Given entries:
Start of Block

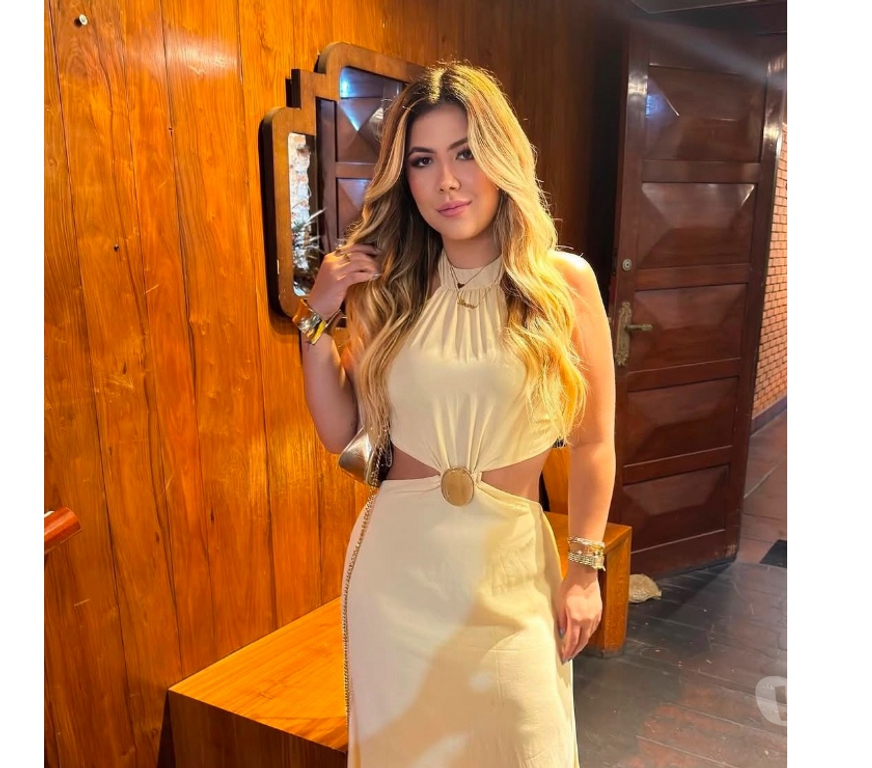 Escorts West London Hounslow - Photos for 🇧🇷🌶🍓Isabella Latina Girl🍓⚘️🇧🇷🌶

End of Block
Start of Block

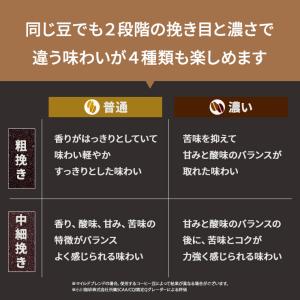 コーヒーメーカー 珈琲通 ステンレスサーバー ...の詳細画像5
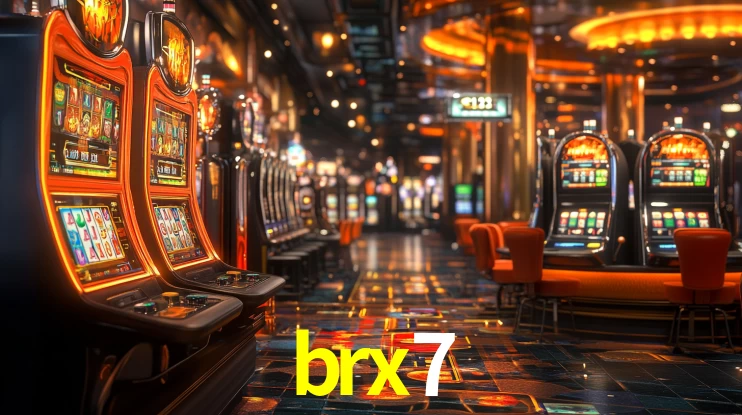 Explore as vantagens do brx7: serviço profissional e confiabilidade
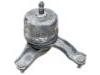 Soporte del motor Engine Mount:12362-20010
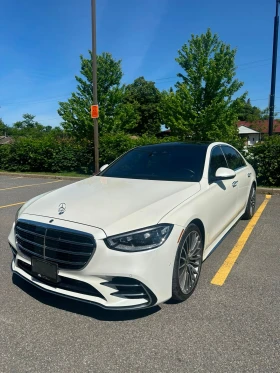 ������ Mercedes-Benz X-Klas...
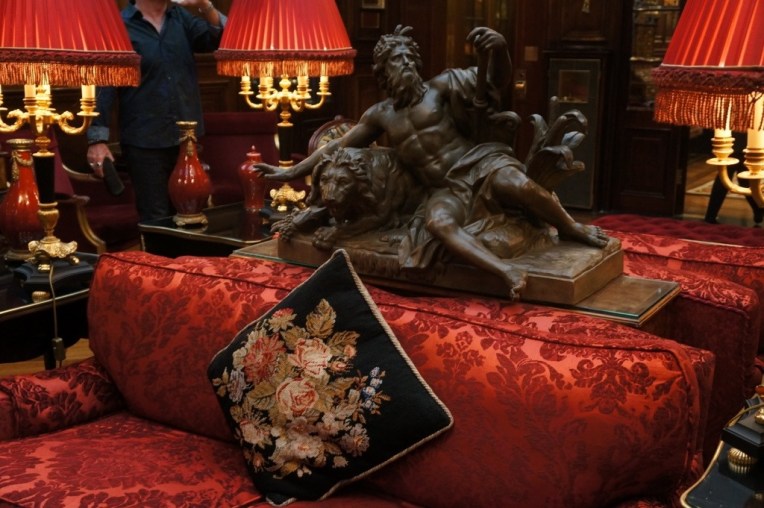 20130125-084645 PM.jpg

End of Block

Although pictures appear among the entries, please set down only the lines from the one with "Soporte del motor Engine Mount:12362-20010" up to and including the one with "20130125-084645 PM.jpg", word for word.

 Soporte del motor Engine Mount:12362-20010
 ������ Mercedes-Benz X-Klas...
 20130125-084645 PM.jpg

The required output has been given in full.